To outsiders looking in, succeeding in the world of showbiz is a big guessing game. Read all the industry-rag tea leaves you like, predicting what’ll work and what won’t is still a total crapshoot. Precious few insiders realize, however, that there’s a foolproof formula for developing a smash at the multiplex. It’s simple: Combine two demonstrably wonderful things, and then place them in space. For instance, Stanley Kubrick + Strauss’ tone poems + space = 2001: A Space Odyssey. Alfonso Cuarón + Emmanuel Lubezki + space = Gravity. Hellraiser + super-young Adam Scott + space = Hellraiser: Bloodline, a high point for the franchise. This should really be the go-to move for any struggling film. Instead of insisting on cuts or rewrites when a production falters, just jettison all action into space.

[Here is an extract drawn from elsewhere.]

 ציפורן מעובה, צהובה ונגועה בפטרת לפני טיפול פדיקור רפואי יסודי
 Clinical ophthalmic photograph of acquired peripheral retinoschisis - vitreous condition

In adherence with this can’t-fail principle, Screen Daily reports today that Claire Denis has tapped Jamaican-British novelist Zadie Smith to pen a script for the director’s first English-language feature. That feature is set in space.

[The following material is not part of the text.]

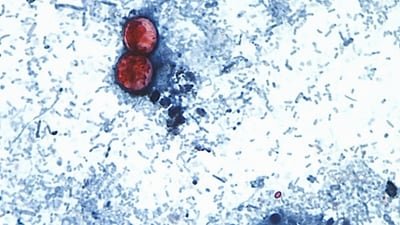 Cyclospora is a microscopic parasite that causes cyclosporiasis, an intestinal illness usually spread through contaminated fresh produce or water. (CDC via AP, File) (CDC via AP)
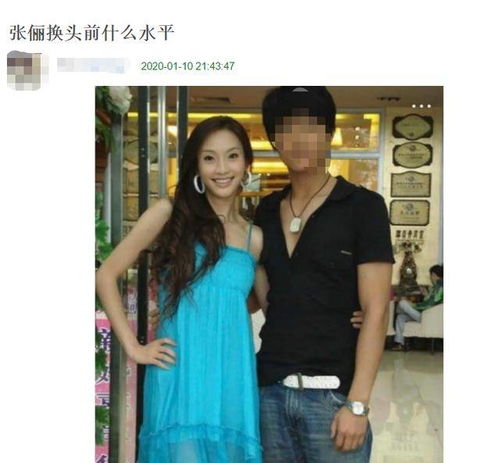  36岁张俪旧照被扒疑似整容,皮肤黝黑单眼皮,和现在判若两人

A sci-fi adventure film, the gestating feature is perilously short on plot details, though the item claims that the film takes place in “a future that seems like the present.” It looks like Denis has placed due emphasis on the “sci” portion of “sci-fi,” bringing in astrophysicist Aurélien Barrau as a consultant due to his background in black holes and cosmology. Also joining this ragtag crew of extremely smart people from disparate fields is progressive artist Olafur Eliasson, whose Weather Project turned the inside of the Tate Modern into a living ecosystem. Smith rose to prominence in 2000, when she published her celebrated novel White Teeth, a multifaceted history of shifting racial dynamics in the diverse neighborhoods of London. Her most recent work is NW, a continuation of White Teeth’s restless literary experimentalism and preoccupation with the complex landscape of race. As a Frenchwoman who spent her girlhood witnessing the colonialist racial dynamics firsthand in Burkina Faso, Somalia, Senegal, and Cameroon—a topic that has colored her rich filmography—Denis should make for a kindred spirit with Smith.

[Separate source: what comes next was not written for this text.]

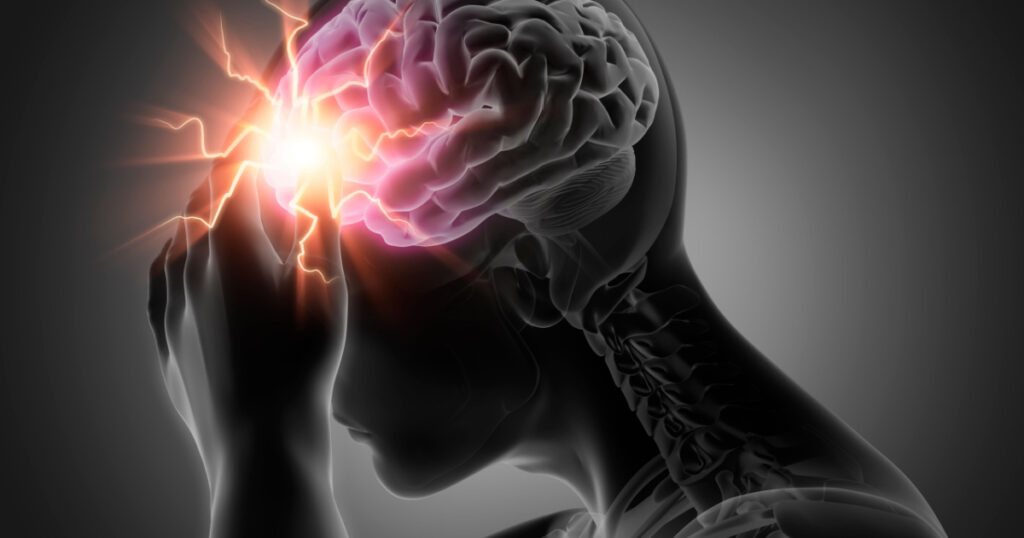 3 Vitamin Deficiencies Linked to Headaches - Featured image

Her formidable posse of collaborator aside, Untitled Space Project feat. Zadie Smith represents a brave new risk for Denis. Every one of Denis’ features, up through her latest film Bastards, has run in her native French. Watching an international talent move into the English language is always a thrill, though some efforts work out better than others. With a rich stable of helping hands, this one’s off to a fine start, but we’re keeping our fingers crossed that it’s more Snowpiercer or Stoker, and less The Tourist.